This is not true. Market economies originate with the state. Prior to markets, most societies engage in gift-economies, where value and price are relatively arbitrary and dictated by personal relationships, not scarcity. It is only when an army comes in and forces you to trade with it do we see the emergence of market economies. You are however, correct that the market we engage with right now focuses primarily on capitalization, which is generating the most amount of money. That is the structural logic of a ‘capitalist’ mode of production. The liberal (or really neo-liberal, but we are splitting hairs at this point) lie around this is that this mode of production is and encourages the most ‘efficiency’ or ‘productivity’. This is not true, as demonstrated in your example.
Within capitalism there will always be perverse incentives to value the ‘fetish’ (money) over the commodity (the object being produced). And it is this ‘fetishization of commodities’ that ultimately creates the series of rolling crises within capitalism, as the fetish must grow larger and larger even if (and especially if) the commodity production itself does not. The incentive isn’t to satisfy demand, it is to generate profit.
That’s why I started with “depending on what you mean by market”. There are like a ton of different academic and colloquial definitions.
Though I don’t agree that you need an army to enforce the current market system as the current system seems quite capable of being perpetuated by capitalists themselves.
Ehh, kinda, but not really. It’s pretty standardized (which is hilariously rare for these disciplines) within sociology, anthropology and even economic theory. At most economics would label it an ‘inefficient market’ but even they are stretching their definition to the breaking point when there is no actual expectation of reciprocity for most transactions.

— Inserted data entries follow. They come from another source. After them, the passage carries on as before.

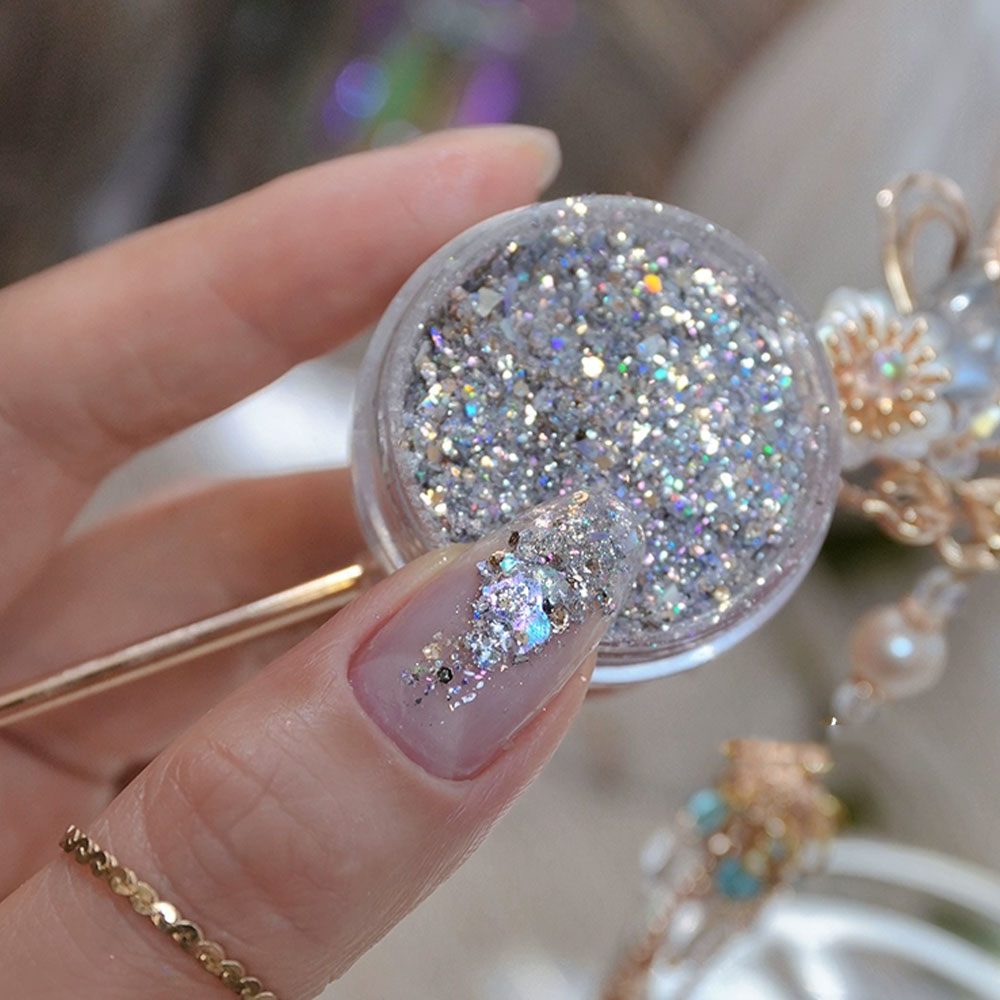 1/2 ボックス 1 グラムホログラフィックグリッターフレー - Gold Foil Flakes のレビューと価格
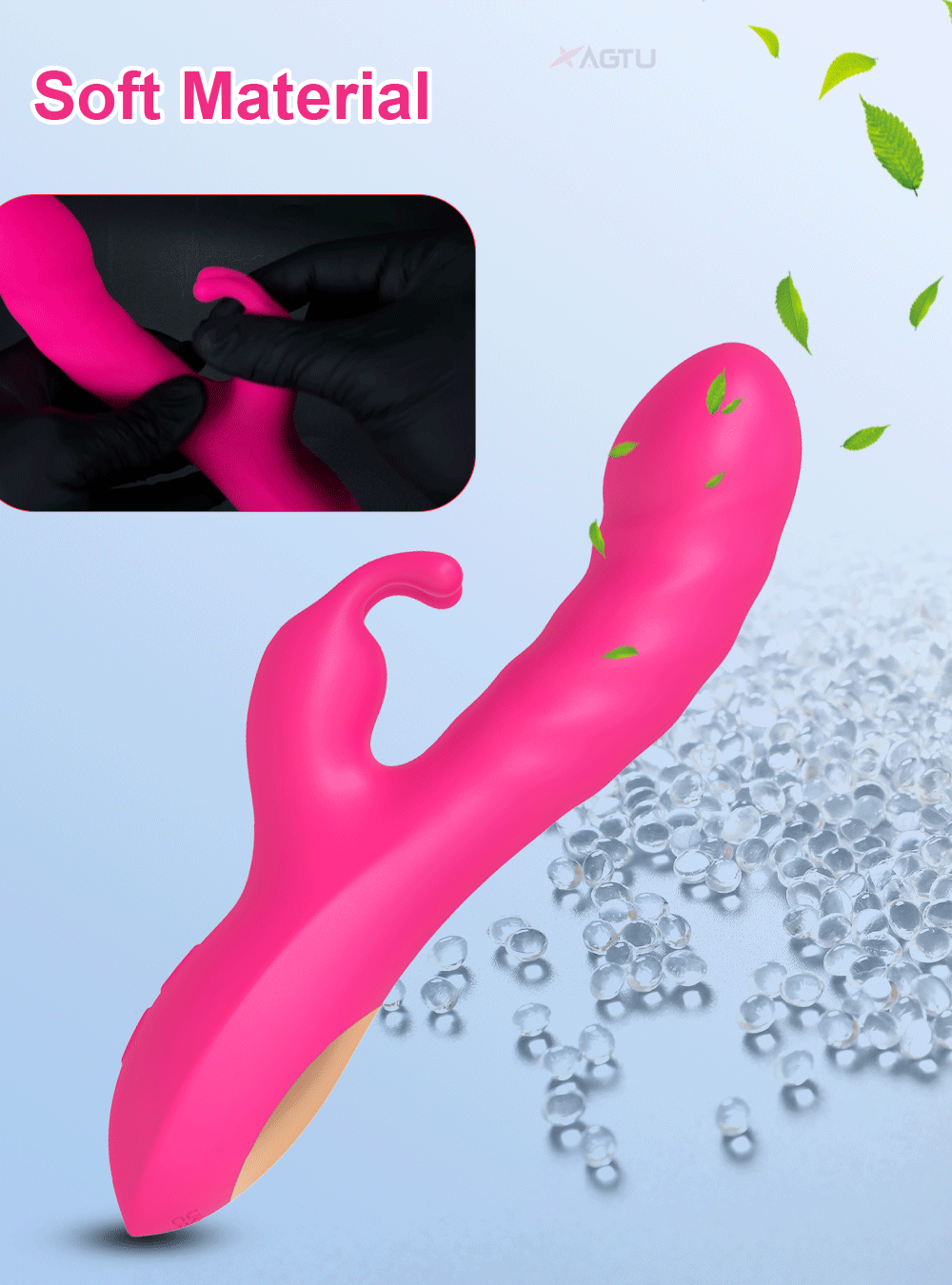 Rabbit Vibrator for Women Vagina G-Spot Nipple Clitoris Stimulator Thrusting Telescopic Rotating Dildo for Adult Sexy Toys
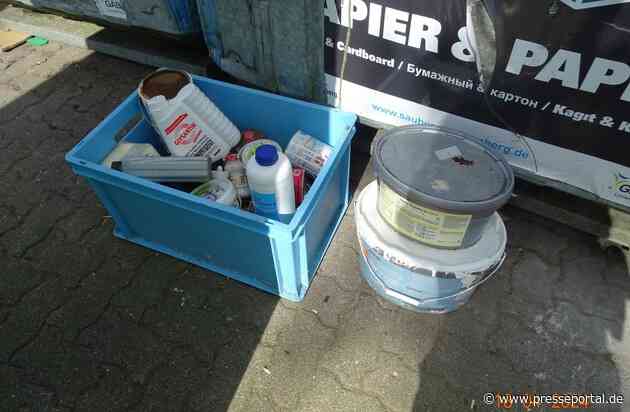 POL-SE: Elmshorn - Unzulässige Ablagerung von Farbeimern und Flaschen - Polizei sucht Zeugen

You absolutely need an army to sustain market economies. Somebody has to collect the debts. Why do you think America spends more money than anywhere else on it’s police force? You have to have a monopoly of force in order to sustain obviously unfair and arbitrary property relations. Why does America have military bases across the globe and sanction countries that refuse to engage on it’s market terms? Because we need to have the potential to place a boot down or provide training for those that will do our enforcement for us.
Look at crypto, without centralized financial support it all but crumbled, to only resurge as a speculative asset, only to dip again. Maybe it will make a resurgence, but it is capital with no army, never to break the bounds of the fin-tech industry.
Force is what drives and has always driven market economies. To believe otherwise is to be an-cap, to separate the historical development of markets, capitalism and the state.
The US police is a very weird anomaly in the world, the hiring standards and educational requirements are below anything most other countries consider acceptable while the budgets are higher than anywhere else as well while producing the worst outcomes of most other police forces.
Debt is pretty much never collected by a police force but usually by banks (or what ever other institution gave out that loan). Most of these relations are not maintained by cops or military since working class people lack a unified front to combat anything (France is the only place where that has even remotely shifted in recent years). So maintaining anything by cops hasn’t even been necessary for like the last 50 years at least. If workers had any unified front that may change.
Also the only country that does imperialism with their army in modern times in Russia, the US, China, France etc all do their imperialism by investments making another country dependant on them and then exporting their resources.
Crypto was always a speculative asset. It has been used effectively as a stock market with no regulations the moment it contained any considerable amount of capital. At no point in time did it have a shot at replacing the current monetary system.
Force may have been a method to maintain the capitalist system once but in modern times it’s division and complacency.
Though I don’t agree that you need an army to enforce the current market system as the current system seems quite capable of being perpetuated by capitalists themselves.
Great, then that means cops are unimportant and don’t need to enforce the sanctity of capitalist property, right?
In 99.9% of cases yea we as a society have ended up enforcing it unfortunately. Gotta win over hearts and minds to change that and if most people can be convinced to change I’m sure there will be a bigger threat of violence and probably more than a threat but if enough people back changing from the capitalist system it won’t matter, cops will never outnumber the working class. If only the working class learned to work together (and also stop putting dictators in charge who fuck over the working class).